Si ils manquent de sentiments, je propose 'aphatique' qui est parfois un élément utilisé pour décrire certains criminels mais je ne sais pas si cela défini exactement devoids.


----------



## Quantz

Merci à tous.
La difficulté, c'est que le terme doit posséder trois aspects :
- avoir une résonance psychiatrique
- pouvoir servir d'adjectif et de substantif : on parle des "Devoid" comme d'une catégorie de criminels, mais à d'autres endroits d'individus _devoid_.
- manifester le vide, la privation.

En effet, en français, cela donne sûrement un mot en _*a*-_ ou en *de*- privatif.


----------



## Cath.S.

Ce lien devrait t'être utile, parce qu'il me semble que tu fais fausse route en cherchant un terme à consonance scientifique.
Personnellement je les appellerais simplement les _Vides_.


----------



## Quantz

Remarkable lead, Cath.
But if I read correctly this entry in Corsini, it says "without conscience ou emotion.

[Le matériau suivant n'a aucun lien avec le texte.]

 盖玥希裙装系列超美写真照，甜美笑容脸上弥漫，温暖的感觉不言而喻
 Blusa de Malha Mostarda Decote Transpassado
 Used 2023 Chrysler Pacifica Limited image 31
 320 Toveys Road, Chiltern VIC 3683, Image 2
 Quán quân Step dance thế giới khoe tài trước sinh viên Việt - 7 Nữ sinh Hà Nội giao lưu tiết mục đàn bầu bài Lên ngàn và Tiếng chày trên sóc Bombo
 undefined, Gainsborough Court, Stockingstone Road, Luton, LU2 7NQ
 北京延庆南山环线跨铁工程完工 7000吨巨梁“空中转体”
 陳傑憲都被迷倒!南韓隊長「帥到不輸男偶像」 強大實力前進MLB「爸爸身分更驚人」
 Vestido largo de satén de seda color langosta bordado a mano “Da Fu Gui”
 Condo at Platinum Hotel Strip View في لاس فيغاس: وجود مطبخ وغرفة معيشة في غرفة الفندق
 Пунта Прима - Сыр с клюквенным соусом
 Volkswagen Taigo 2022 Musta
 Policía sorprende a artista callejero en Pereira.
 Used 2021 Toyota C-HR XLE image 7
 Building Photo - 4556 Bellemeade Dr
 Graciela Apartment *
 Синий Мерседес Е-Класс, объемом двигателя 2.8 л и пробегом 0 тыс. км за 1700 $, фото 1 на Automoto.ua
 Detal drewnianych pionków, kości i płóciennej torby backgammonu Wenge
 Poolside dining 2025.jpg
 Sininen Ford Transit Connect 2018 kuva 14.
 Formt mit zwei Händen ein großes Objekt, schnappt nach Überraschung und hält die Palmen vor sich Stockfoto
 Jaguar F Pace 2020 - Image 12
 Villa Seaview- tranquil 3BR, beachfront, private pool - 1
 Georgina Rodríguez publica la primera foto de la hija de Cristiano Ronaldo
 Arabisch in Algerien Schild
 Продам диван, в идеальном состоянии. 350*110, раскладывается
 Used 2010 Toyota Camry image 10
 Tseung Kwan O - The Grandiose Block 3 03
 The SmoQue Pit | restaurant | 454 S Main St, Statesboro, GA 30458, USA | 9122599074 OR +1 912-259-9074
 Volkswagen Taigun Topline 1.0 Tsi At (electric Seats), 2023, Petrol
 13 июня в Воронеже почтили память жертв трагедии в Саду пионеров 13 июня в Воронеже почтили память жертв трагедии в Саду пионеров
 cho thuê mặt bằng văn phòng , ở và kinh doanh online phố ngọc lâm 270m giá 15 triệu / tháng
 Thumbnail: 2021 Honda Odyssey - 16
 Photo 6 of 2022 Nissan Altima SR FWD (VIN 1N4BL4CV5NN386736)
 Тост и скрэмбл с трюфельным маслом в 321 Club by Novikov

Similar to psychopath or sociopath." It has a scientific and law enforcement meaning though.


----------



## pointvirgule

Pourquoi pas _les Sans_ ?


----------



## Ellea1

les anesthésiés?

I think Keumar got it with "les dévoyés",

les déficients?
les dépossédés?


----------



## Cath.S.

pointvirgule said:


> Pourquoi pas _les Sans_ ?


 Imnsho.


----------



## Quantz

Je cherche encore…

_Destitués_.
_Dépouillés_.
_Disgraciés_.


----------



## Ellea1

Yours are good. Especially "les dépouillés"

Les desséchés?
Les débridés?
Les desservis?
Les dissolus?


----------



## Quantz

Décidé : les Individus Vides


----------



## Nicomon

Bonjour, 

Je viens de découvrir ce fil, et j'avais pensé à « _les Dénués_ » (dans le sens abstrait, p. ex : _dénué de remords/de tout sentiment humain_...) mais c'était avant de lire cette suggestion : 





pointvirgule said:


> Pourquoi pas _les Sans_ ?


   J'aime beaucoup!

Mais bon... la décision semble avoir été prise.


----------



## Ellea1

I like "les dénués" better than "les individus vides"


----------



## pointvirgule

Nicomon said:


> Je viens de découvrir ce fil, et j'avais pensé à « _les Dénués_ » (dans le sens abstrait, p. ex : _dénué de remords/de tout sentiment humain_...)


 De tous les mots en _de-_ privatif du dictionnaire, c'est celui qui équivaut le mieux à _devoid_. Ce serait mon deuxième choix, et de très près.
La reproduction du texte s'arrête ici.